--- Material provided Enclosed Below ---
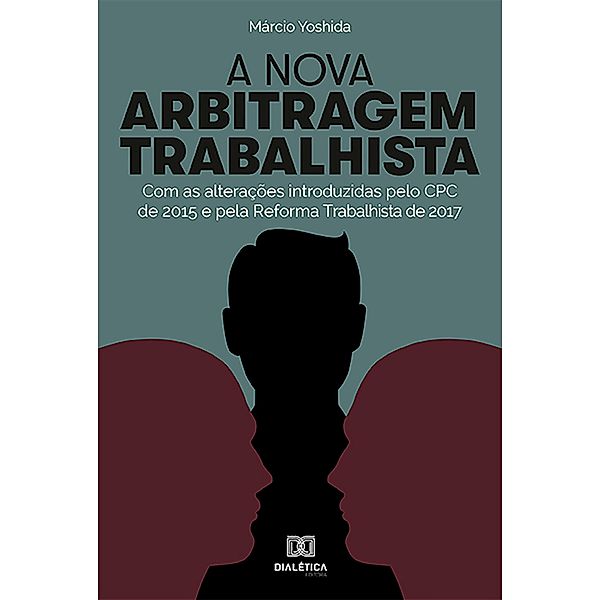 A Nova Arbitragem Trabalhista, Márcio Yoshida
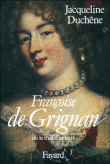 Françoise de Grignan   ou le Mal d'amour&nbsp;-&nbsp;Jacqueline Duchêne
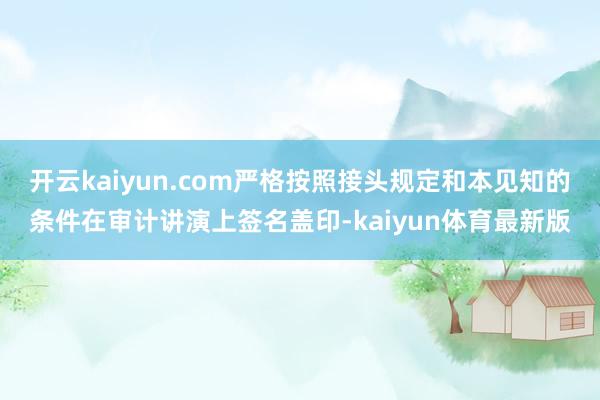 开云kaiyun.com严格按照接头规定和本见知的条件在审计讲演上签名盖印-kaiyun体育最新版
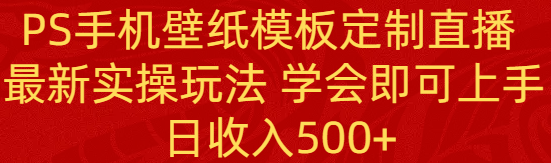 PS手机壁纸模板定制直播最新实操玩法学会即可上手日收入500+-AIGC资源中心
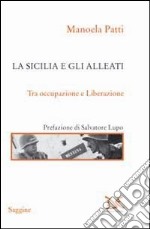 La Sicilia e gli alleati. Tra occupazione e Liberazione (1943-1945) libro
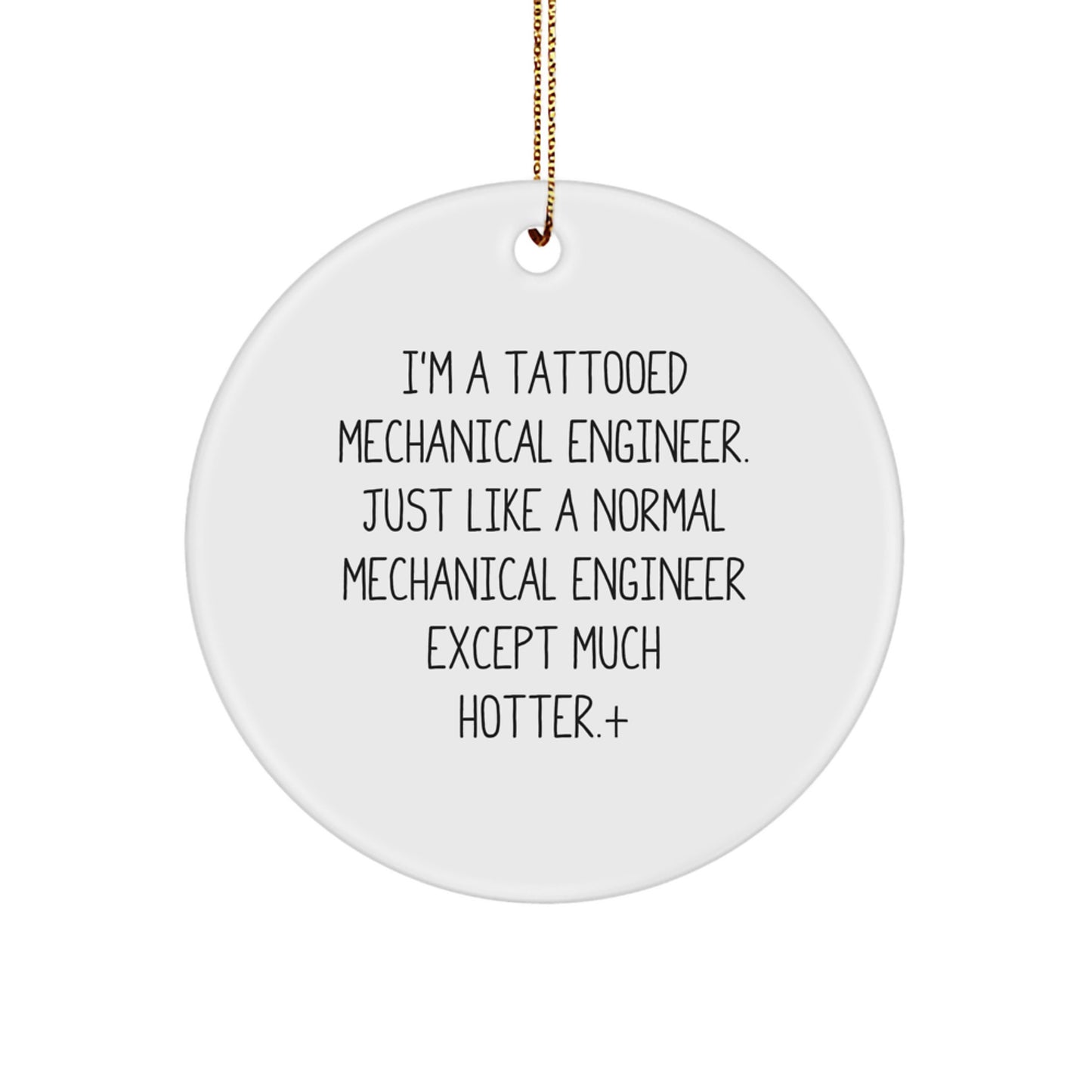 Mechanical Engineer Gifts for Him, Funny Circle Ornament from 'I'm A Tattooed Mechanical Engineer' Quote, Christmas Unique Gifts for Men from Friends, Coworkers, or Family - Image 1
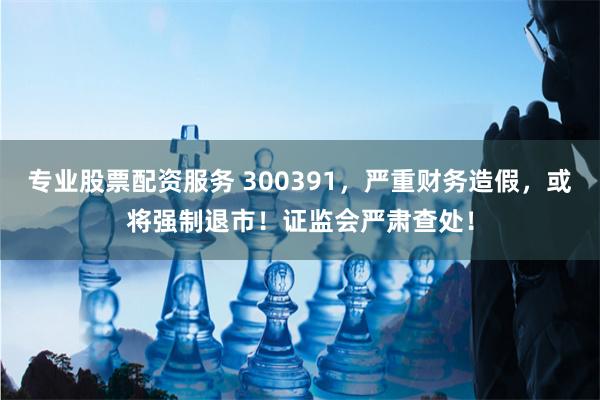 专业股票配资服务 300391，严重财务造假，或将强制退市！证监会严肃查处！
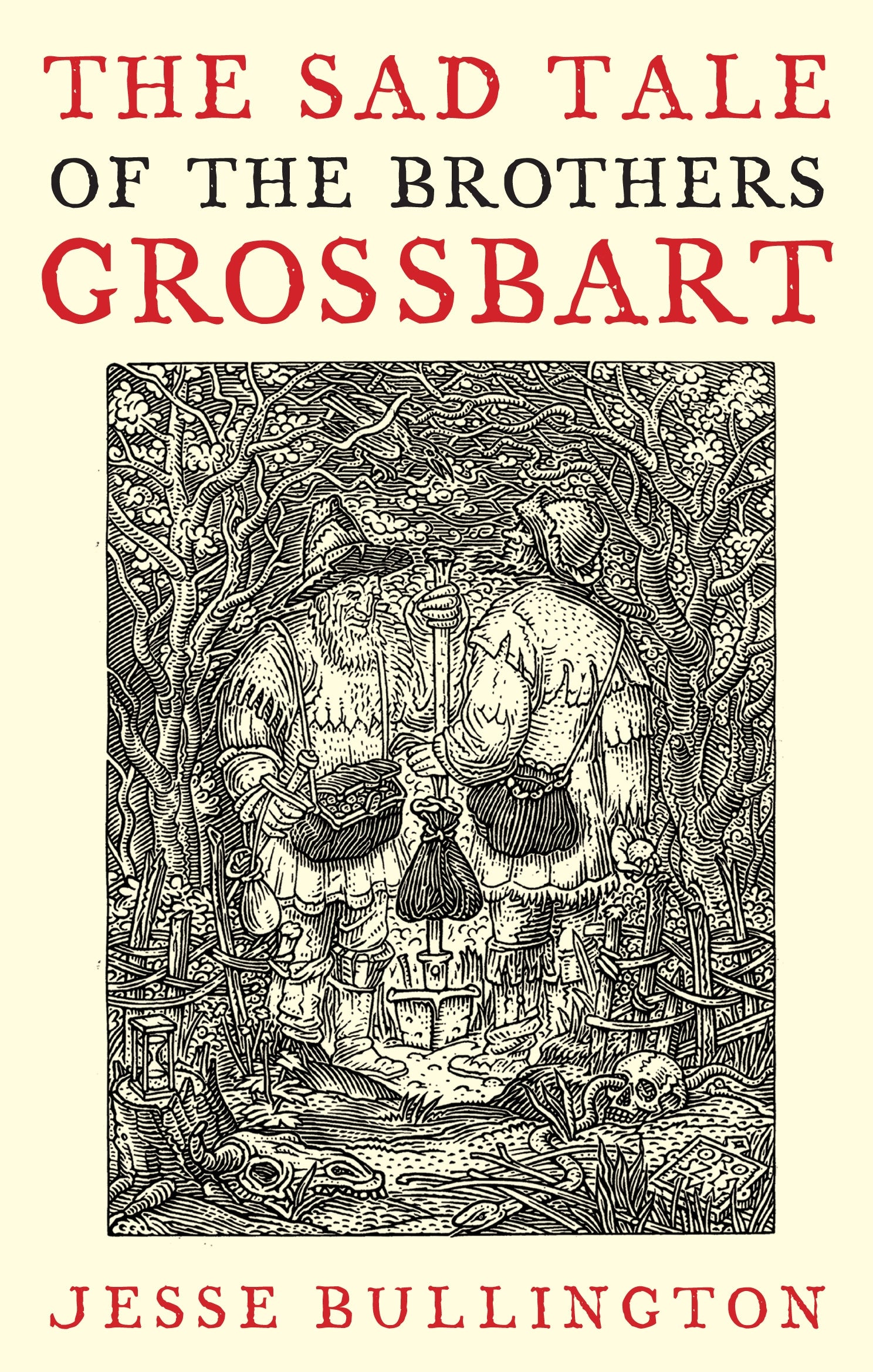 The Sad Tale Of The Brothers Grossbart by Jesse Bullington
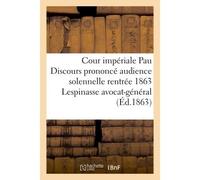 Cour impériale Pau Discours prononcé audience solennelle rentrée nov 1863 Lespinasse avocat-général - Collectif - Hachette Bnf - broché - Livre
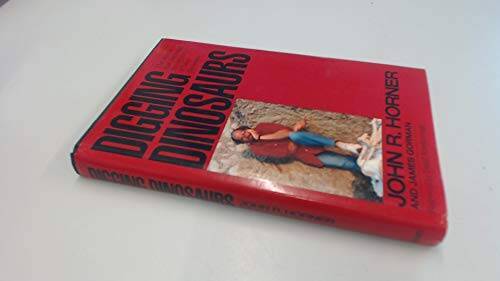 Digging Dinosaurs: The Search That Unraveled the Mystery of Baby Di – GOOD
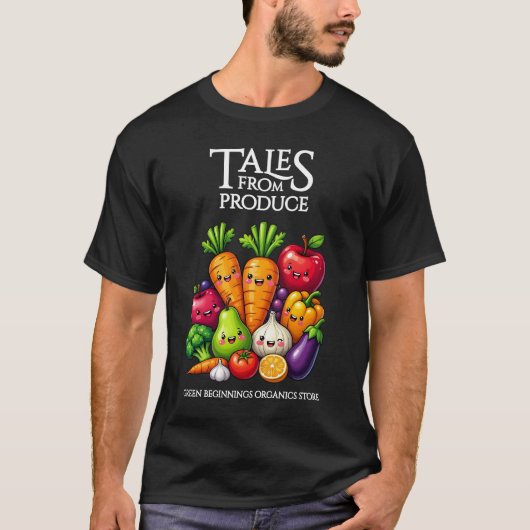 Funny Fruits Veggies Tales from Produce Grocery Tシャツ (正面)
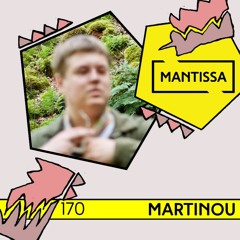 Mantissa Mix 170: Martinou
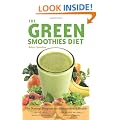 The Green Smoothie Diet: Transform Your Health by Supercharging Your Fruit Smoothies with Leafy Greens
--- End of Enclosed Material provided ---
Task objective =>
Using the data above, which lines fall from the one with "开云kaiyun.com严格" through the one with "Funny Fruits Veggies"? Repeat them exactly, ends included, minus any pictures.

Answer to the exercise =>
 开云kaiyun.com严格按照接头规定和本见知的条件在审计讲演上签名盖印-kaiyun体育最新版
 PS手机壁纸模板定制直播最新实操玩法学会即可上手日收入500+-AIGC资源中心
 La Sicilia e gli alleati. Tra occupazione e Liberazione (1943-1945) libro
 Mechanical Engineer Gifts for Him, Funny Circle Ornament from 'I'm A Tattooed Mechanical Engineer' Quote, Christmas Unique Gifts for Men from Friends, Coworkers, or Family - Image 1
 专业股票配资服务 300391，严重财务造假，或将强制退市！证监会严肃查处！
 The Sad Tale Of The Brothers Grossbart by Jesse Bullington
 Cour impériale Pau Discours prononcé audience solennelle rentrée nov 1863 Lespinasse avocat-général - Collectif - Hachette Bnf - broché - Livre
 Digging Dinosaurs: The Search That Unraveled the Mystery of Baby Di – GOOD
 Funny Fruits Veggies Tales from Produce Grocery Tシャツ (正面)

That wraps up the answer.